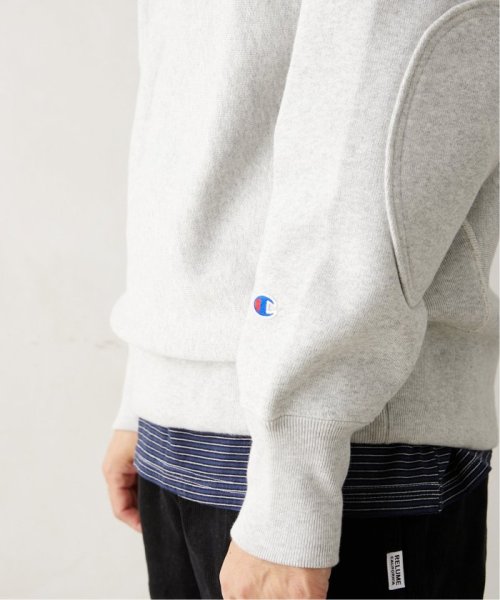 【CHAMPION / チャンピオン】別注 R/W エルボーパッチスウェット チャンピオン CHAMPION REVERSE WEAVE 別注 R/W JOURNAL STANDARD Champion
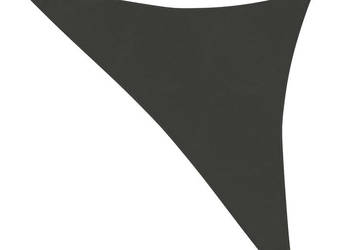 Żagiel przeciwsłoneczny 160 g/m² antracytowy 4x4x58 m HDPE WM-311094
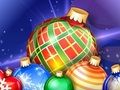 Spiel Neujahrswunder! Verbinde die Bälle  Online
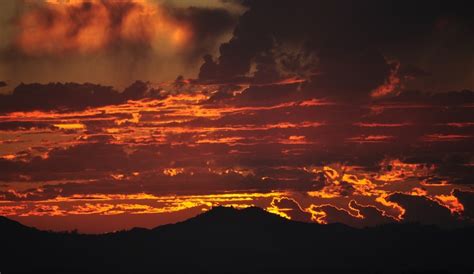 Flaming Sunset By Skadi09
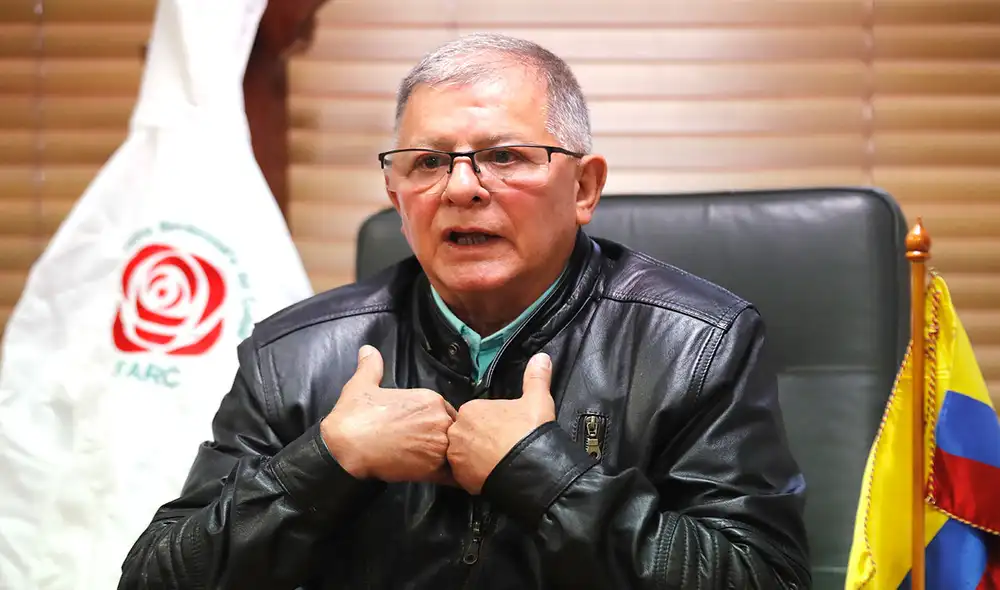 Rodrigo Granda viajó a México invitado por un partido local para asistir a un seminario internacional. Foto: EFE Rodrigo Granda viajó a México invitado por un partido local para asistir a un seminario internacional. Foto: EFE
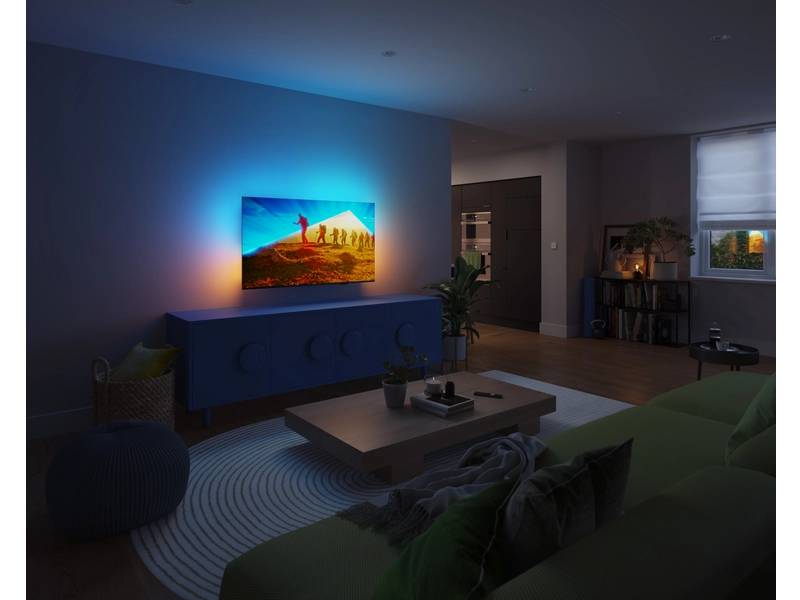 TV PHILIPS 55PUS8009 Ambilight 140 cm Smart TV UHD 4K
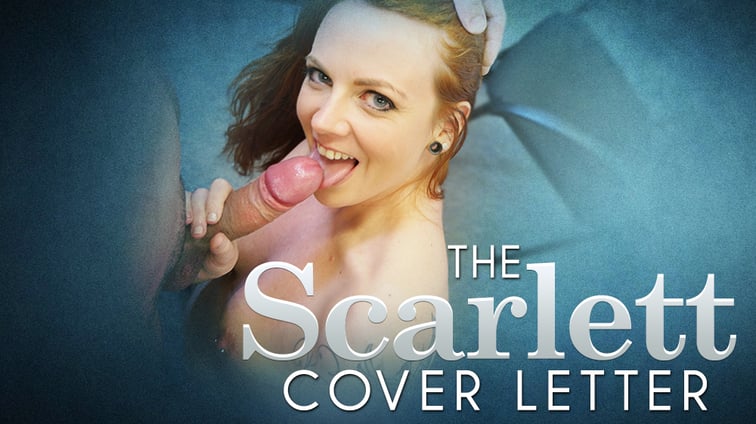 The Scarlet Cover Letter - Drilling Red Head Hardcore Scarlett Moore HologirlsVR vr porn video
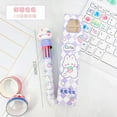 thumbnail image 1 of Senbaida Cartoon Children's Color Press Ballpoint Pen, Ballpoint Pen, 0.5mm, Assorted Ink Colors, 1 of 6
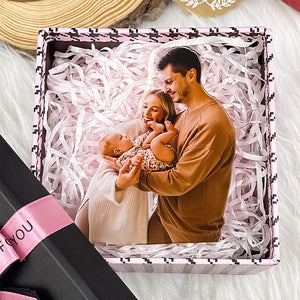 Custom Photo Gifts for Family Ornament 131acvp140924 First Baby Moments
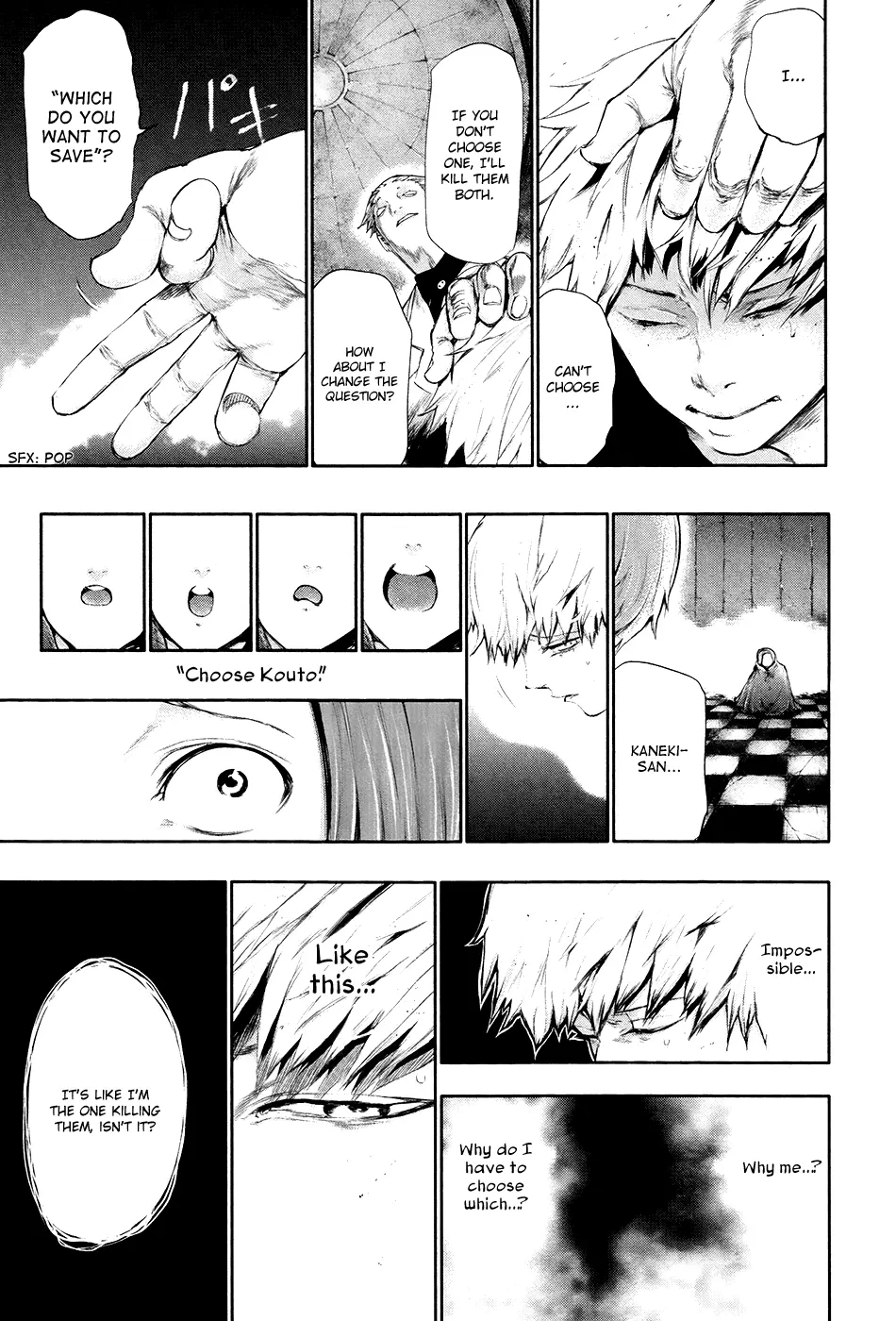 Tokyo Ghoul, chapter 63, page 3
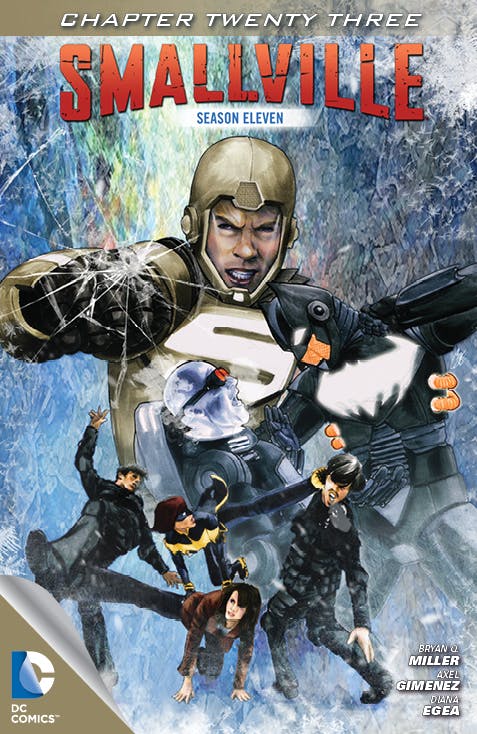 Smallville Season 11 #23 preview images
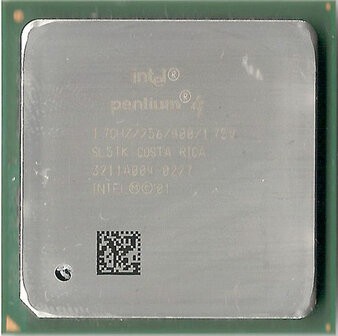 Intel Pentium 4 Processor 1.70 GHz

* * * * *

*About this task:* Start with the line that holds "TV PHILIPS 55PUS8009" and retype each line through the last one in the data, exactly and without pictures.

*Answer space:*
 TV PHILIPS 55PUS8009 Ambilight 140 cm Smart TV UHD 4K
 The Scarlet Cover Letter - Drilling Red Head Hardcore Scarlett Moore HologirlsVR vr porn video
 thumbnail image 1 of Senbaida Cartoon Children's Color Press Ballpoint Pen, Ballpoint Pen, 0.5mm, Assorted Ink Colors, 1 of 6
 Custom Photo Gifts for Family Ornament 131acvp140924 First Baby Moments
 Tokyo Ghoul, chapter 63, page 3
 Smallville Season 11 #23 preview images
 Intel Pentium 4 Processor 1.70 GHz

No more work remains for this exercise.